Tutto ciò che abbiamo visto finora riguarda però solo il risarcimento del danno non patrimoniale, ma sappiamo bene che un errore medico può comportare diversi e importanti pregiudizi anche di carattere economico.

I danneggiati da malasanità hanno diritto quindi a un risarcimento anche per tutti i danni patrimoniali subiti.

Fanno parte dei pregiudizi di natura patrimoniale: il danno emergente, ossia le perdite economiche subite a causa dell’errore medico (es.: spese mediche sostenute per visite, farmaci ed esami) e il lucro cessante, ovvero il mancato guadagno che si sarebbe prodotto se non ci fosse stato l’evento lesivo (es.: perdita o riduzione della capacità lavorativa).

 

Processo penale, azione civile e termini di prescrizione

Per i casi di malasanità ci sono due strade per ottenere un risarcimento danni: il giudizio penale e l’azione civile.

Come stabilisce l’articolo 590 del Codice penale però, non sempre l’errore medico integra un reato perseguibile penalmente.

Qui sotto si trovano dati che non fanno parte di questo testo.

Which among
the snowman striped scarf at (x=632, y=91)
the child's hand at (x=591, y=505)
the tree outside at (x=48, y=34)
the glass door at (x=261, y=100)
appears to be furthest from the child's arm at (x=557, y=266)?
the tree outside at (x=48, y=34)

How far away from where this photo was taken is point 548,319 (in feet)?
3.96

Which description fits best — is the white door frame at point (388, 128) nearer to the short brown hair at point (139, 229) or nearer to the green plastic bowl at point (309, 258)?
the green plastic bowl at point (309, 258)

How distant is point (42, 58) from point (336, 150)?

Infatti, la norma specifica che, qualora l’errore sia stato causato da imperizia del sanitario (mancanza della preparazione tecnica e professionale), questo non è punibile quando sono state rispettate le linee guida e le buone pratiche accreditate dalla comunità scientifica.

Quando dal comportamento del medico scaturisce un reato perseguibile d’ufficio (es.: omicidio colposo) o a querela di parte (dove è necessaria la denuncia della persona offesa, come ad esempio per il reato di lesioni colpose), si instaura un’azione penale, con la quale il pubblico ministero, a seguito delle indagini preliminari, presenta al giudice una richiesta di rinvio a giudizio.

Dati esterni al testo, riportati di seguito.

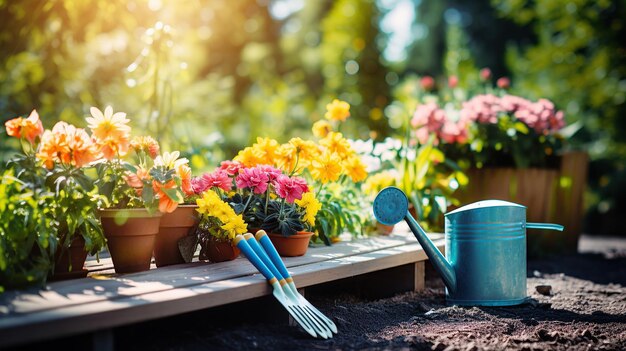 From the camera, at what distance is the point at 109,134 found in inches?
84.6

In questi casi il soggetto danneggiato ha due possibilità per richiedere il risarcimento danni: costituirsi parte civile nel processo penale, oppure avviare un’azione civile distinta e lasciare che il giudizio penale faccia il suo corso.

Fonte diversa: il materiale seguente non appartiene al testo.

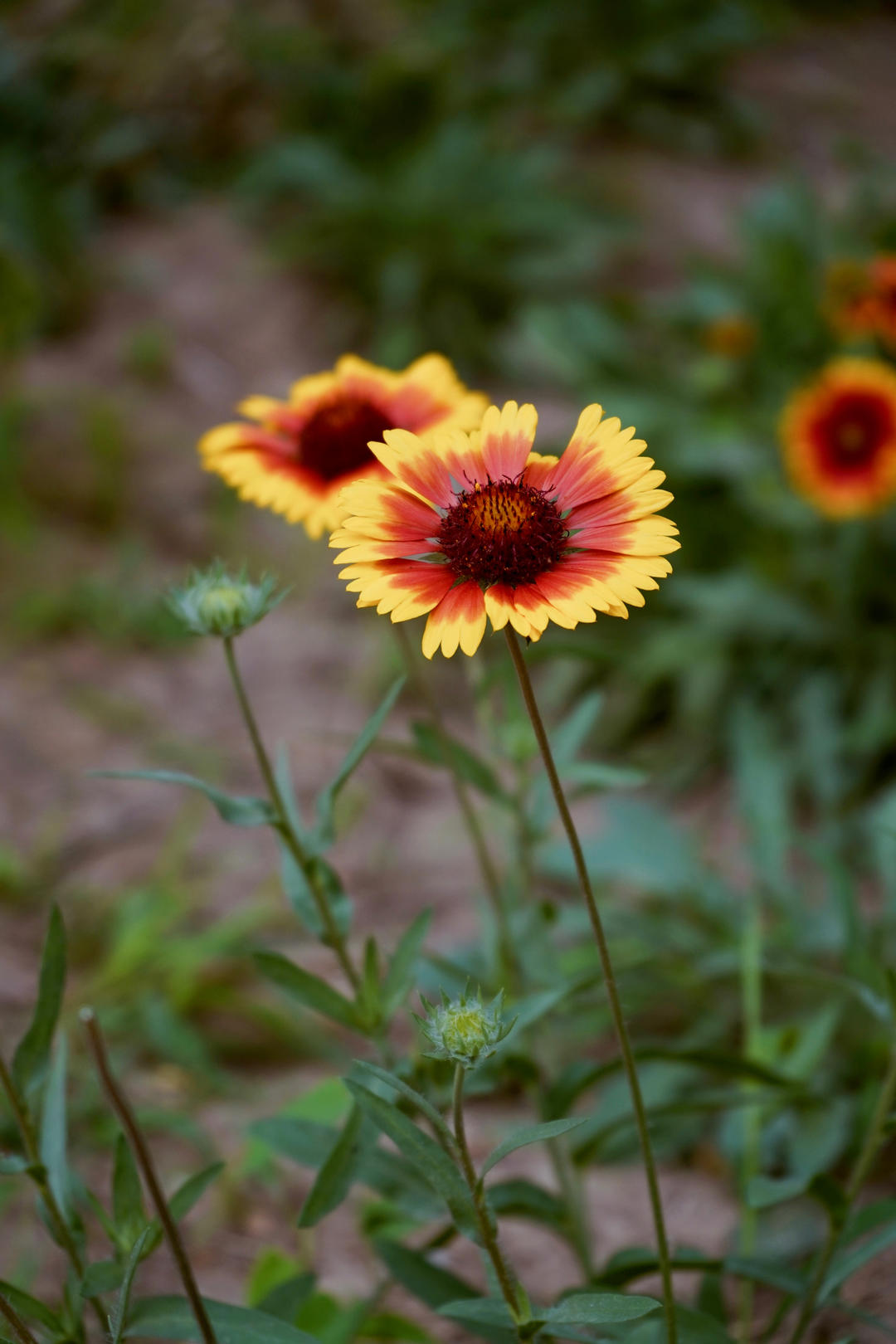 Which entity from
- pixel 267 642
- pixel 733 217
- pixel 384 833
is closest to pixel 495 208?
pixel 733 217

Le due azioni hanno finalità e destinatari completamente diversi tra loro e non esiste una strada migliore dell’altra: dipende dal caso specifico. Sarà compito del legale darci le migliori indicazioni su come procedere per pervenire a un giusto risarcimento dei danni dubiti.

Per quanto riguarda infine i termini di prescrizione, trascorsi i quali si perde il diritto al risarcimento, sono pari a 10 anni per responsabilità contrattuale e a 5 anni per responsabilità extracontrattuale.

I termini di prescrizione non iniziano a decorrere dal giorno in cui è stato commesso l’errore, ma da quando la malattia viene percepita o può essere percepita dal paziente come un danno ingiusto conseguente alla condotta del terzo (Cassazione sentenza n.21715 del 2013).